But as far as this cruise goes, I'll be the one lounging by the pool in tennis skirt and t-shirt. Luckily the dark sunglasses and hat will grant me a certain anonymity, and the cocktails will mean I just don't give a damn anyway. And it'll be tremendous fun regardless. Happy birthday Leanne!

November (VCE & Melbourne Cup - a super combo!)
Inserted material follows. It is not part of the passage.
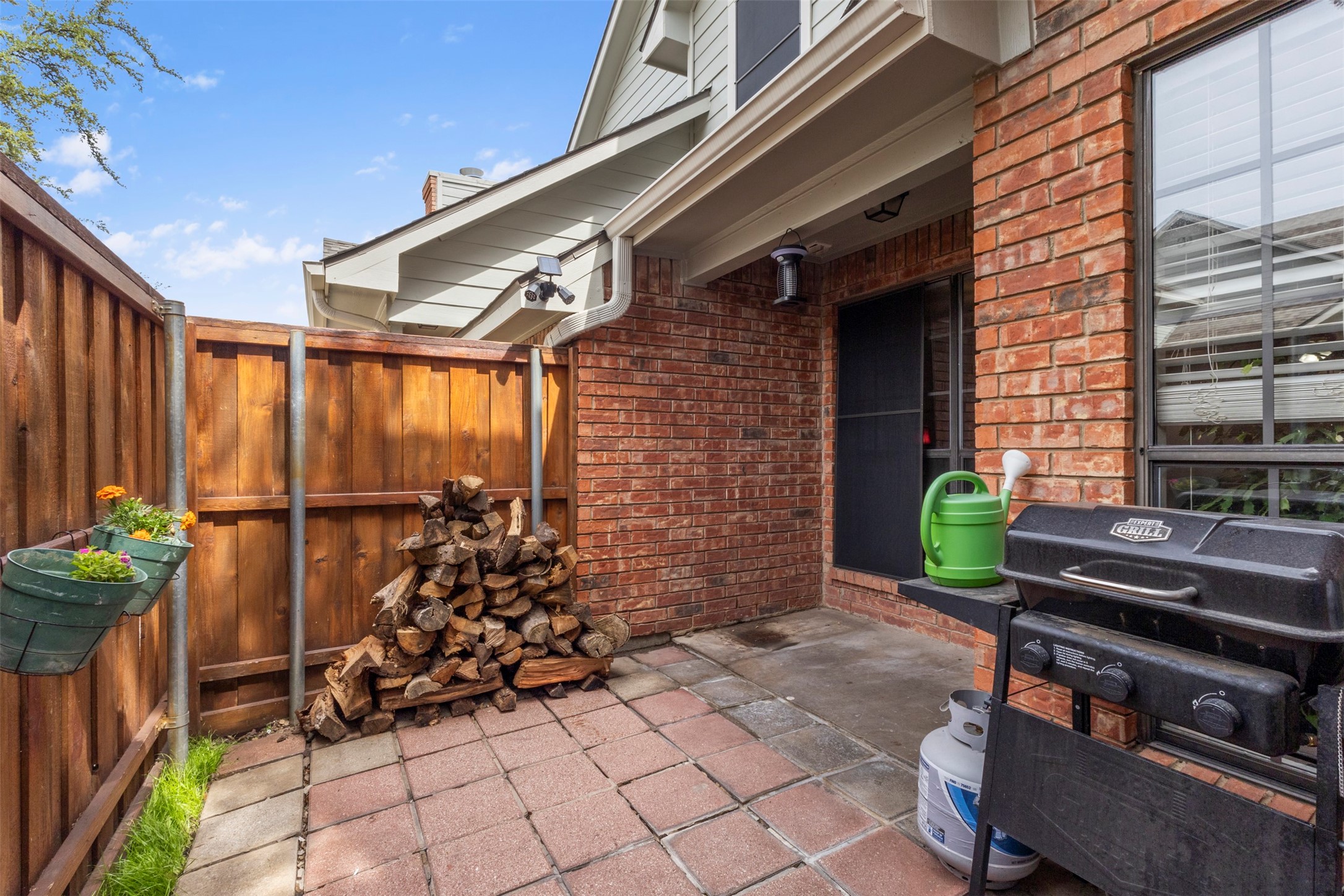 449 Harris Street 102D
There are few more stressful times than VCE final year exams. Two weeks of nerve-jangling anxiety, of unbearable pressure, and of headache-inducing tension. The students, of course, have it a lot easier. That's right, I'm talking about the stresses inherent with being the parent of a VCE student, who - being a teenager - has a general expectation that the world revolves around them but, during VCE exams, amps this expectation up to the max. Here in my household we (and I use the term 'we' with reluctant accuracy) still have three exams to go and I'm not sure if we (i.e. I) will be able to make it. I've decided there should be another holiday concurrent with 'schoolies' that should be called something like 'school-parenties', even though I admit that doesn't have quite the same festive ring (and, if you repeat it really quickly, sounds a little like 'skull panties', which may attract an undesirable element. And wouldn't they be disappointed). My point is that when there is a VCE student in the family (aka the Chosen One), the whole household suffers. Some of the ramifications include:
  • Absolute silence while the Chosen One studies (ours turned into a banshee for a brief period yesterday, sort of like Buffy the Vampire Slayer meets Heather Mills. All because her sister and I engaged in a somewhat loud conversation - about evolution if you're interested).
  • Constant cleaning up after the Chosen One's frequent forays into the kitchen for sustenance (cleaning up after themselves might break the concentration).
  • Being there to provide feedback and/or a politely listening face whenever required. No matter what you were doing or whether Elle was trapped in a well with a man other than her fiance on Neighbours and rescue was looking decidedly shaky.
  • Bacon and eggs or some such every exam morning as several experts (thanks, guys) have informed the Chosen Ones that a hearty breakfast is essential.
  • Not 'loading' anything on the Chosen One as (apparently) they have enough to deal with already.
One of the ironies of the situation is that our particular Chosen One keeps talking about how she can't wait to move out while the rest of us concur so heartily we're putting together a petition. Even the dog has signed it. Twice. Fortunately tomorrow is Melbourne Cup Day, which means that I shall have a socially-sanctioned excuse to down a bottle (or two) of champagne. Even a little temporary oblivion may help recharge my batteries. The Chosen One has announced she will deign to join our celebrations for the better part of the day (i.e. probably until clean-up commences), as she could do with a break anyway. So have a good day, everyone, and I'll have a drink for each and every one of you. Hope you all pick a winner!